Im Zentrum der Diskussionen stehen oftmals die mögliche Harmonisierung von digitalen Meldepflichten und die elektronische Rechnungsstellung. Auch die einzige Mehrwertsteuerregistrierung wird von vielen Seiten begrüßt, wobei eine konkrete Ausgestaltung neuer Regelungen noch offen ist. Was sich hinter der Initiative “Mehrwertsteuer im digitalen Zeitalter” verbirgt, haben wir Euch in diesem Artikel dargestellt.

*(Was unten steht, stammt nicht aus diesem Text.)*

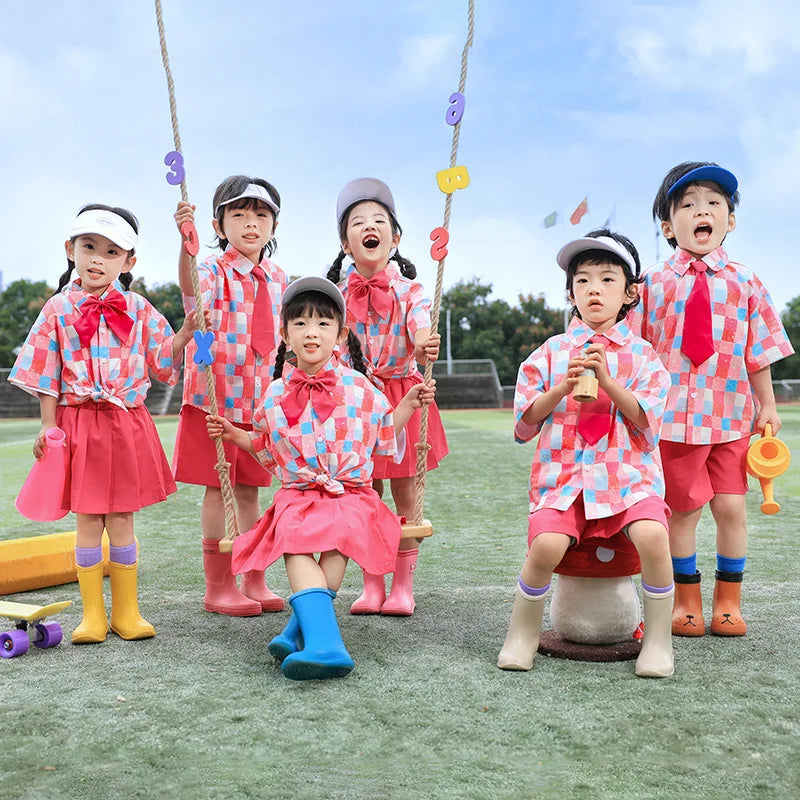 Children Performance Costume Rose Red Plaid Shirt Shorts Skirt School Kindergarten Sports Meet Cheerleading Uniforms Street Wear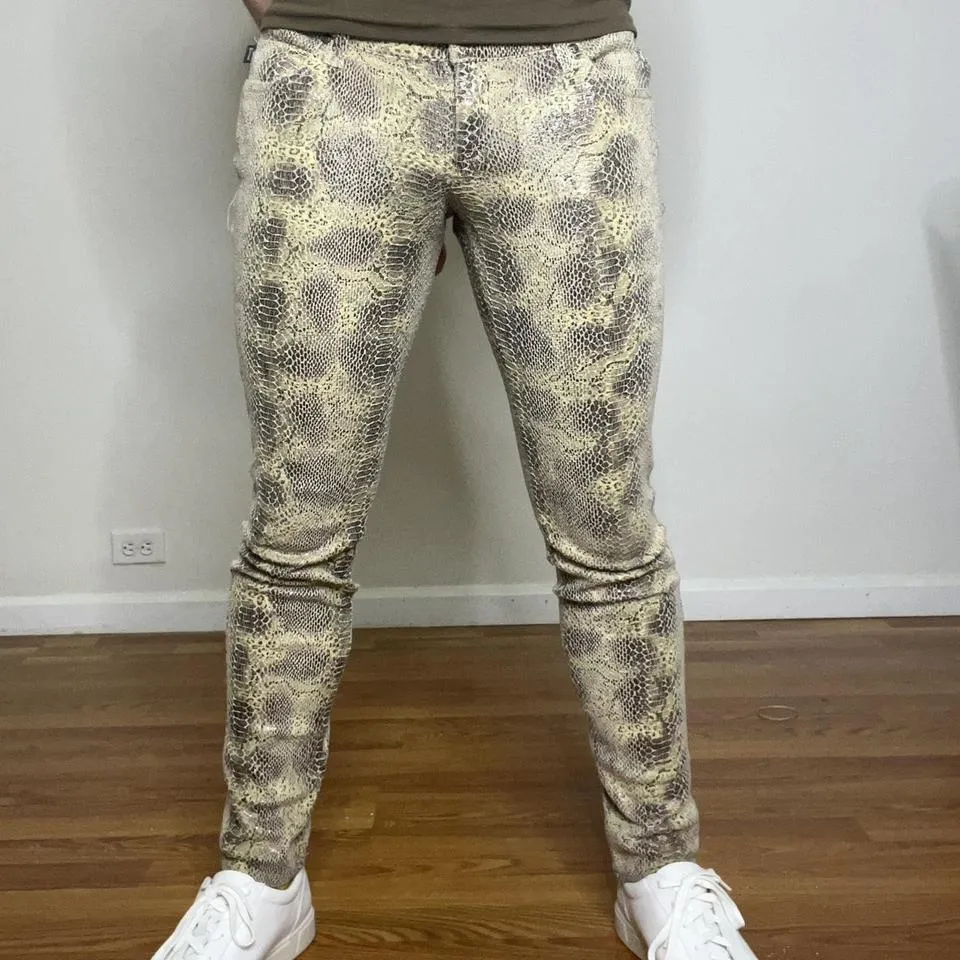 Tripp NYC Men's Cream and Tan Jeans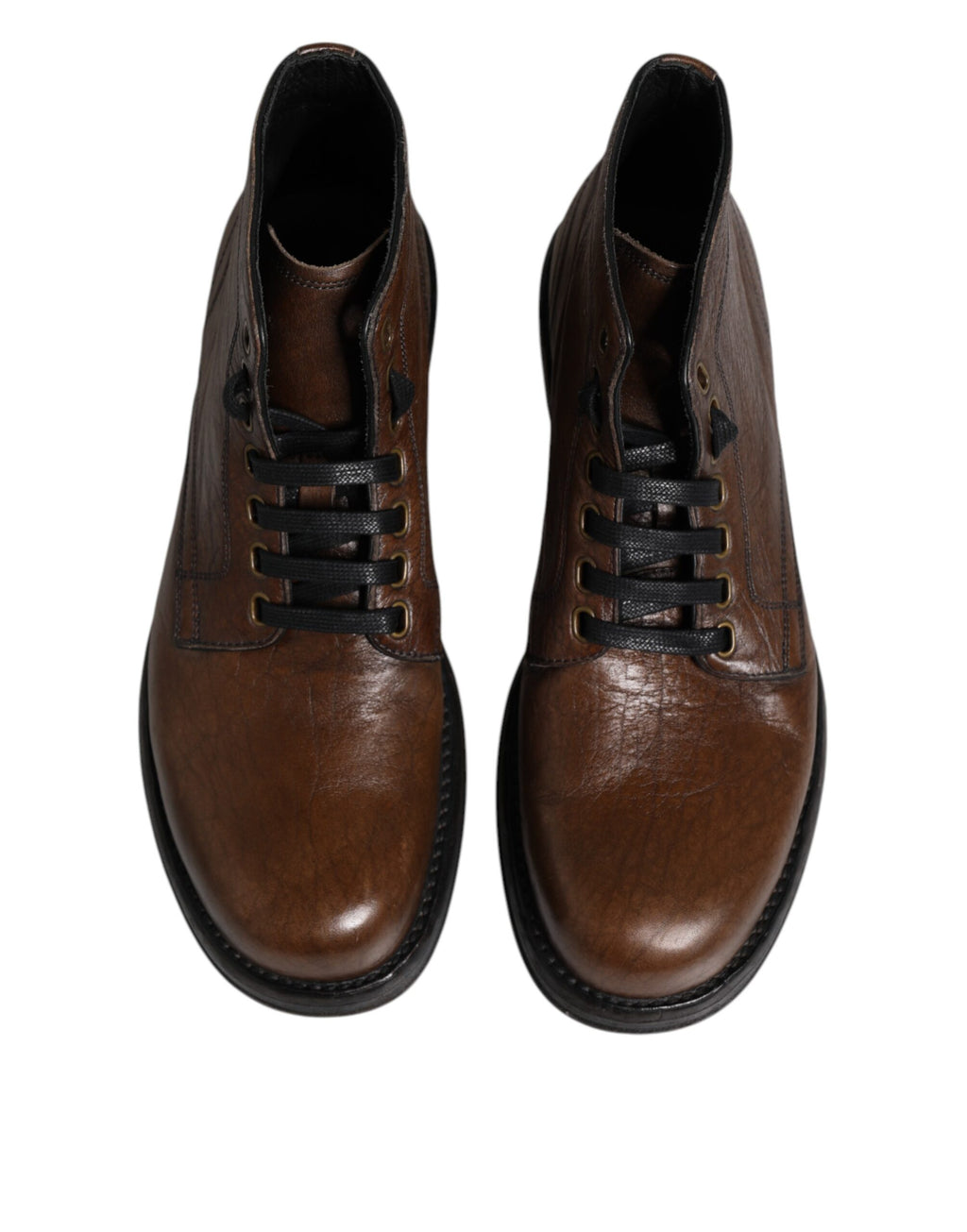 Dolce & Gabbana Brown Leather Lace Up Men Ankle Boots Shoes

Initiative führt nicht automatisch zur Umsatzsteuerreform 

Der weitere Verlauf war ebenfalls absehbar: Bis Anfang Mai stand es jedem offen, sich an der öffentlichen Konsultation zu beteiligen und seine Meinung zu der Initiative an die EU-Kommission heranzutragen. Taxdoo hat das natürlich mit Blick auf die Schwierigkeiten für alle Onlinehändler und ihre Steuerberater ebenfalls getan. 

Zudem wurde durch die EU-Kommission eine Studie zur Mehrwertsteuer im digitalen Zeitalter in Auftrag gegeben, bei der verschiedene Interessenvertreter ebenfalls zu den bestehenden Herausforderungen, möglichen Optionen für Neuregelungen und das Erfordernis von Regulierungsbedarf befragt wurden. 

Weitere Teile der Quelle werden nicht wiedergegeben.